Environ 150 000 enfants des Premières Nations, Inuits et métis ont été enlevés de leur famille et contraints à fréquenter des pensionnats. Environ 80 000 d'entre eux sont encore en vie.

M. Sinclair doit déposer son rapport final mardi, après cinq ans d'audiences et de travaux de la Commission de vérité et réconciliation, mais des événements ont déjà eu lieu au cours des derniers jours à Ottawa pour souligner son dévoilement. Dimanche, une Marche pour la réconciliation a attiré à Gatineau et Ottawa des centaines de participants - autochtones et non autochtones.

Lundi, des centaines de survivants de ces pensionnats fédéraux pour Autochtones étaient réunis dans un hôtel d'Ottawa pour regarder vers l'avenir.

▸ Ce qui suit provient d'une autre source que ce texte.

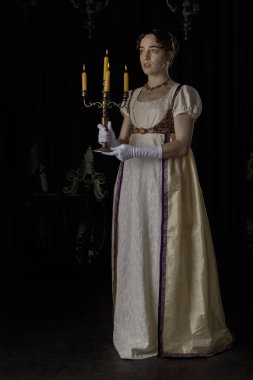 Gece kıyafeti giyen bir naip kadın, nakışlı bir elbise ve uzun bir spencer. Elinde bir şamdan tutuyor.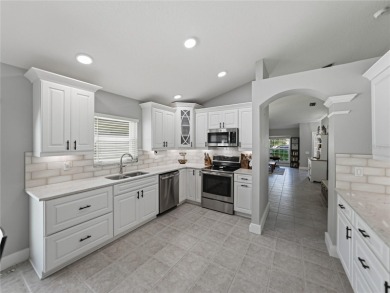 Step into modern comfort and style with this stunning 4-bedroom on Lexington Oaks Golf Club in Florida - for sale on GolfHomes.com, golf home, golf lot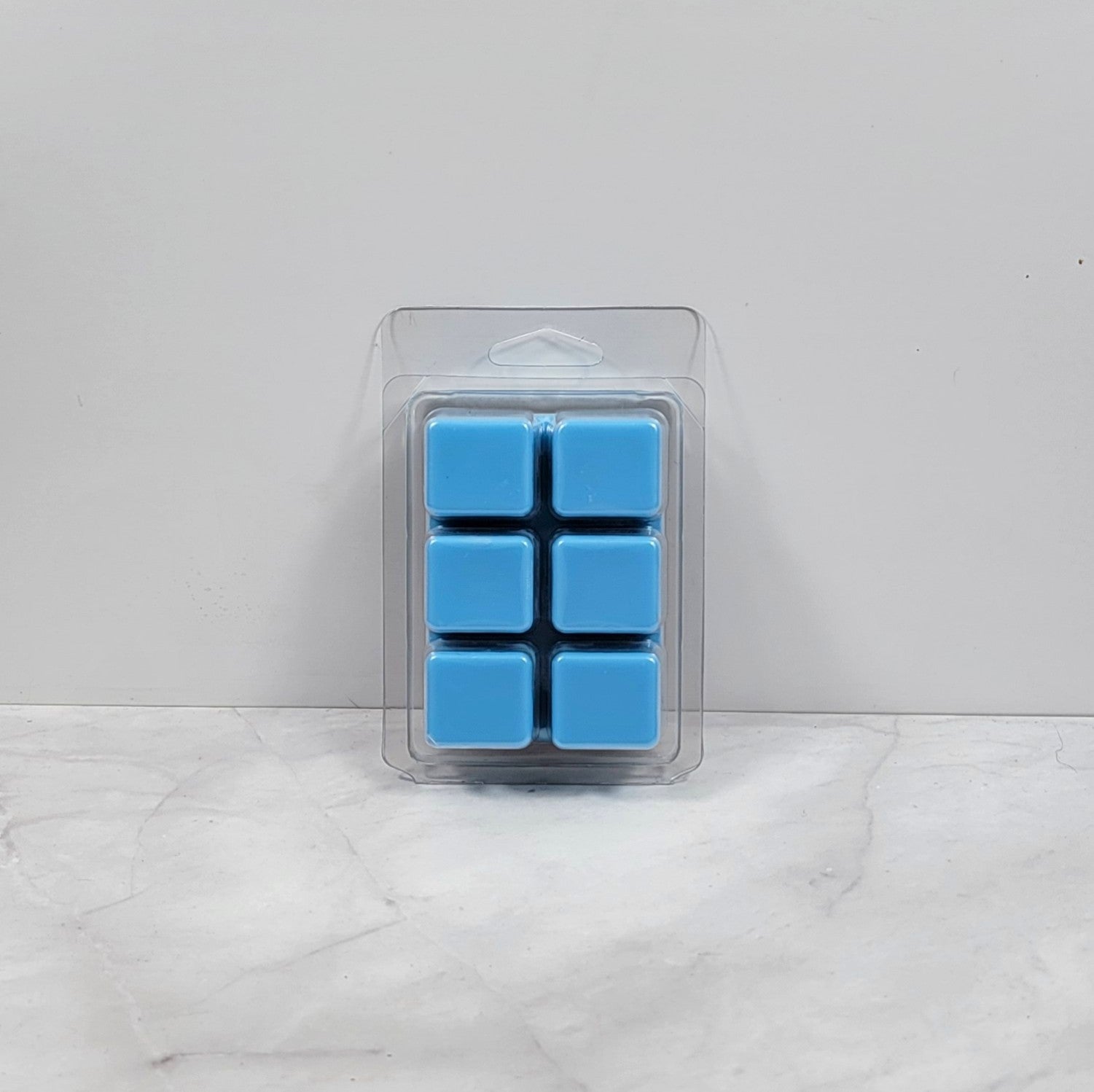 Soy wax melt on soft background with magic-inspired aesthetic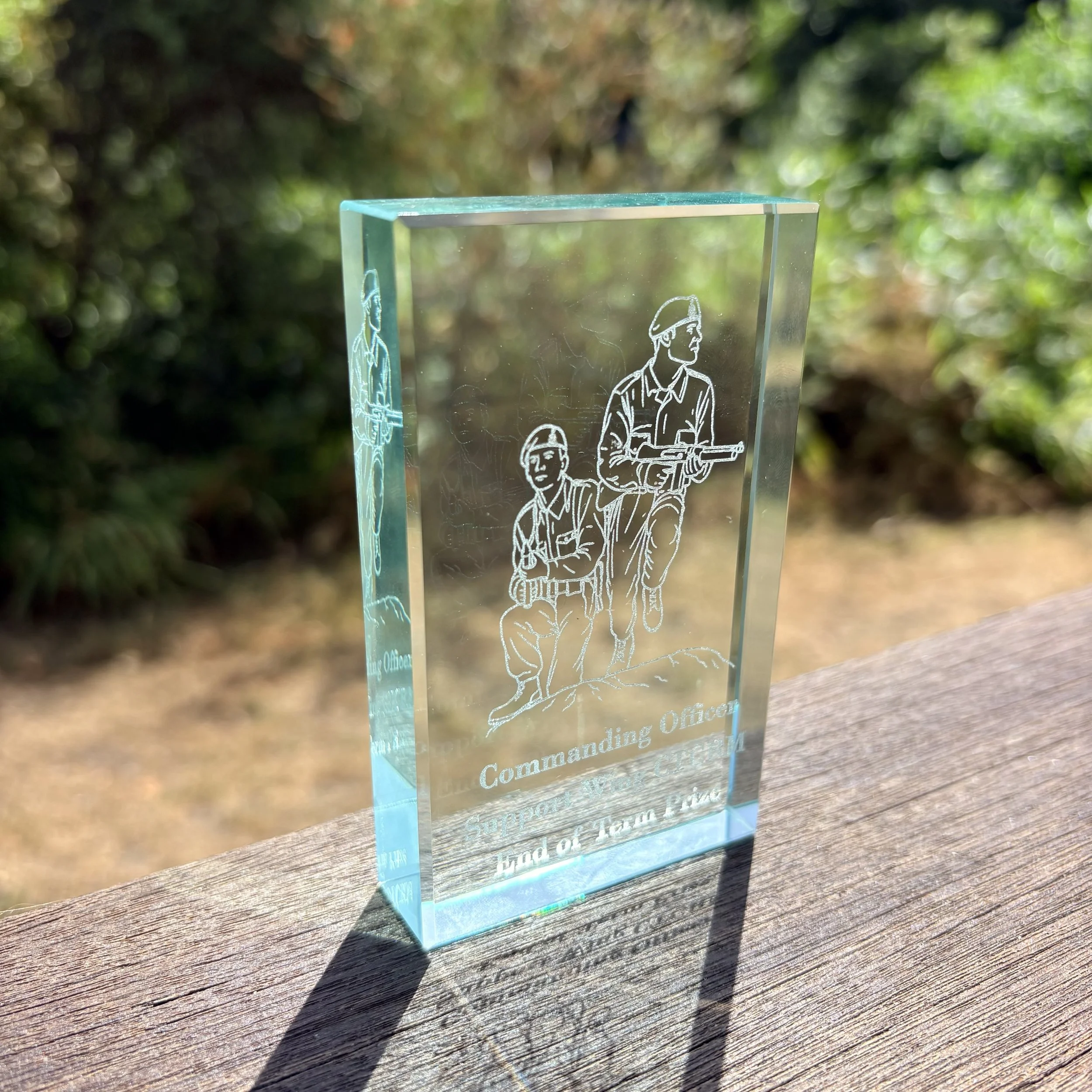Close-up of laser-engraved glass block paperweight with Royal Marines Commando training engraving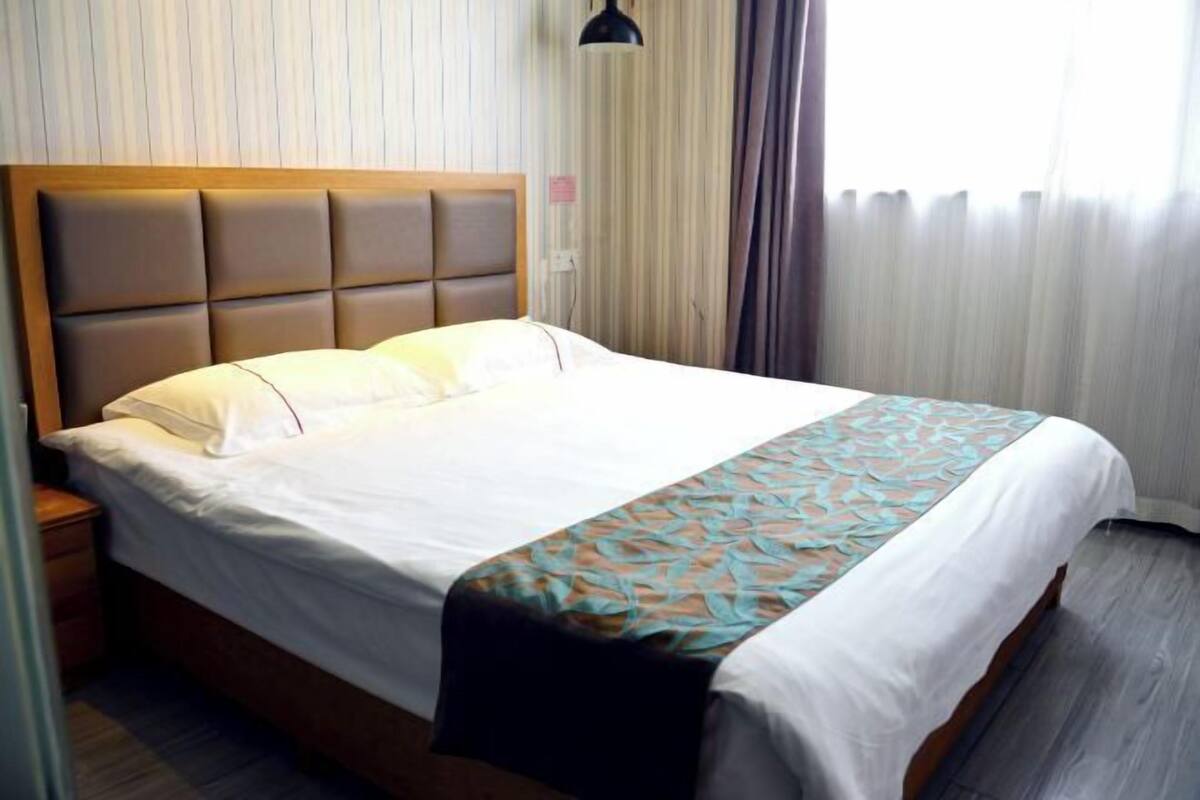 Une chambre d’hôtel avec un lit, une table de chevet, une lampe et une fenêtre avec des rideaux.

Ainsi, le ministre de l'Éducation des Territoires-du-Nord-Ouest, Jackson Lafferty, a rappelé qu'il existait un curriculum sur les pensionnats et l'héritage qu'ils ont laissé, et que ce curriculum pouvait être remis d'ores et déjà à toutes les écoles du pays. «Il ne peut y avoir de réconciliation sans éducation», a-t-il affirmé. Nous sommes prêts à offrir de la formation pour les enseignants qui doivent vivre avec ce traumatisme lorsqu'ils donnent un cours. C'est un sujet très délicat et très émotif.»

L'écrivain Joseph Boyden et Sharon Johnston, la femme du gouverneur général, ont été nommés témoins honoraires. Ils rejoignent quelque 80 autres personnes dont la mission est de porter le message de la Commission partout dans le monde.

«Les événements de la semaine à venir ne signifient pas que tout a été accompli. Les choses ne font que commencer pour les Canadiens au sujet de notre histoire», a dit M. Boyden, qui compte raconter indirectement les répercussions du système des pensionnats dans son prochain roman.